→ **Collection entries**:
----------

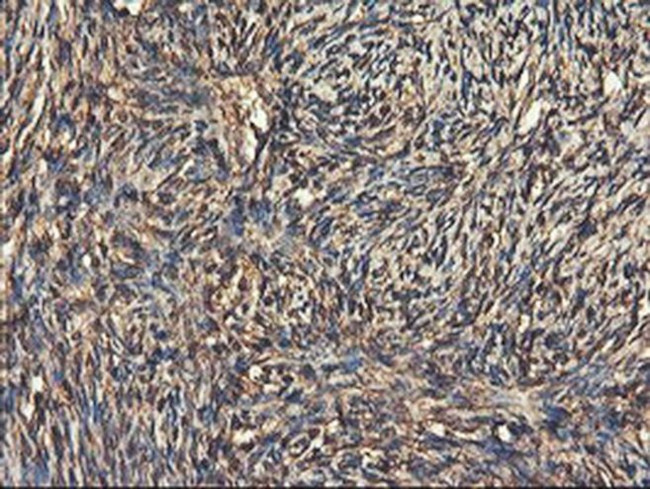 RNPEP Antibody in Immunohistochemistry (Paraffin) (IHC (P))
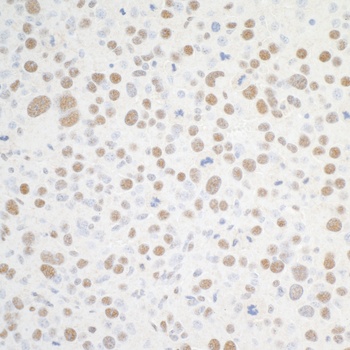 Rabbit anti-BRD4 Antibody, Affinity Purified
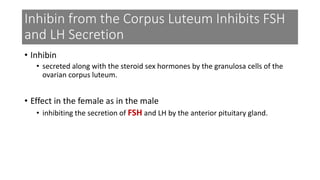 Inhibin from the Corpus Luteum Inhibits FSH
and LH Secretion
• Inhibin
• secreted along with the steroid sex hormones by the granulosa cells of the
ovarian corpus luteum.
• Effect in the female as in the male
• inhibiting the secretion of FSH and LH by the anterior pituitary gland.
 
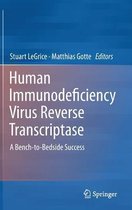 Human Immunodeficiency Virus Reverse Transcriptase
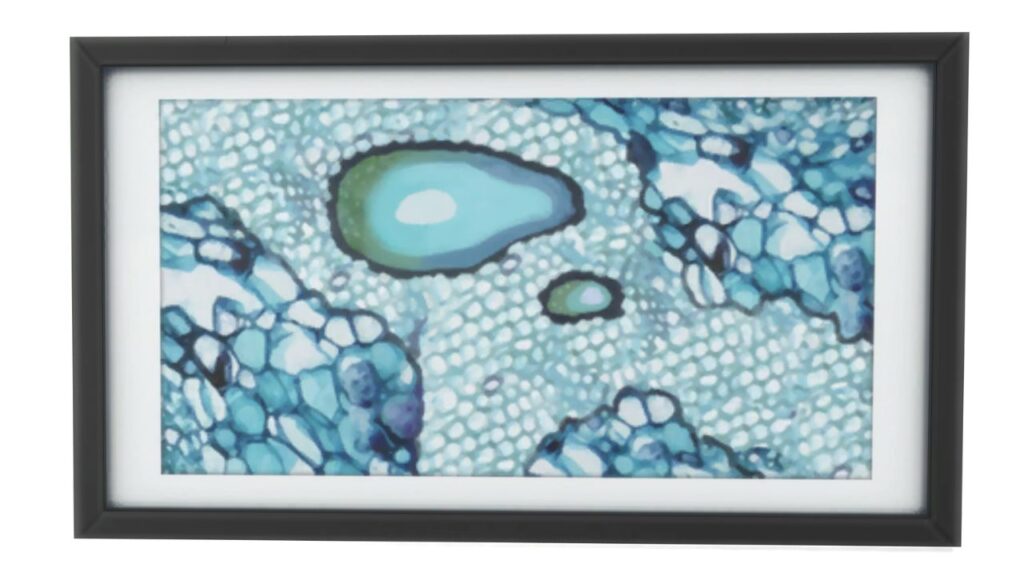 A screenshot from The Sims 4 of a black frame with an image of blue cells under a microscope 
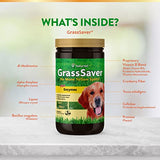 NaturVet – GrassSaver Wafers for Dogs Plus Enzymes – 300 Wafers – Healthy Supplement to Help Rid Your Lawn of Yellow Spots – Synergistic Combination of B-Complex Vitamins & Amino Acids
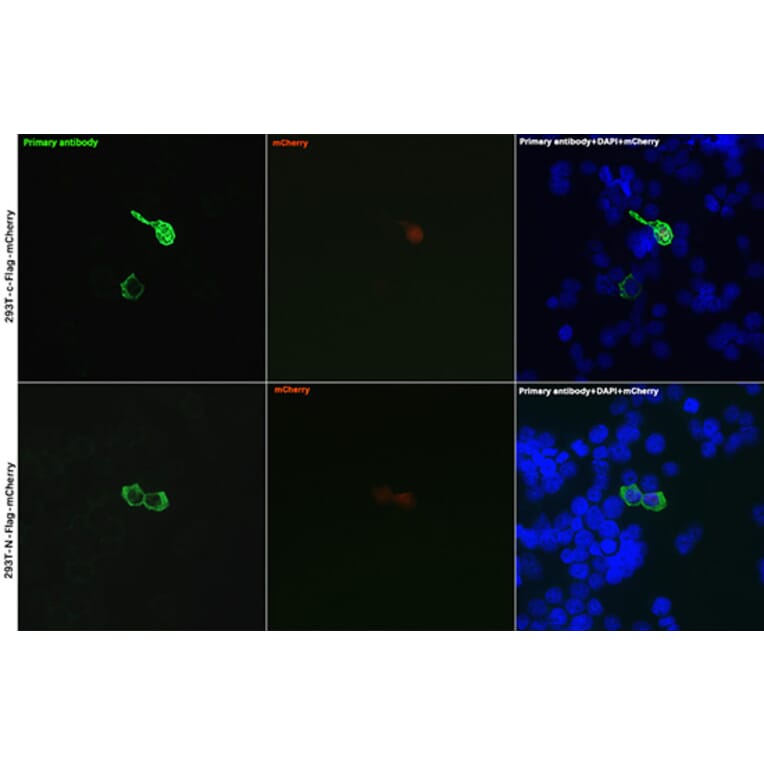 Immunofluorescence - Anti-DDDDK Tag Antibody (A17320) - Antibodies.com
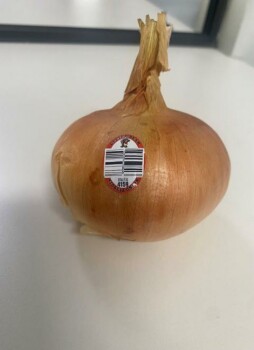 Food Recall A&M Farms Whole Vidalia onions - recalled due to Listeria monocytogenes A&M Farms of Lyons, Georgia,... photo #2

----------

→ **THE PROBLEM**:
Above are some records. Reproduce the lines from the one with "anterior pituitary gland." down to the one with "A screenshot from", keeping both, and leave every picture out.

→ **ANSWER**:
• inhibiting the secretion of FSH and LH by the anterior pituitary gland.
 
 Human Immunodeficiency Virus Reverse Transcriptase
 A screenshot from The Sims 4 of a black frame with an image of blue cells under a microscope 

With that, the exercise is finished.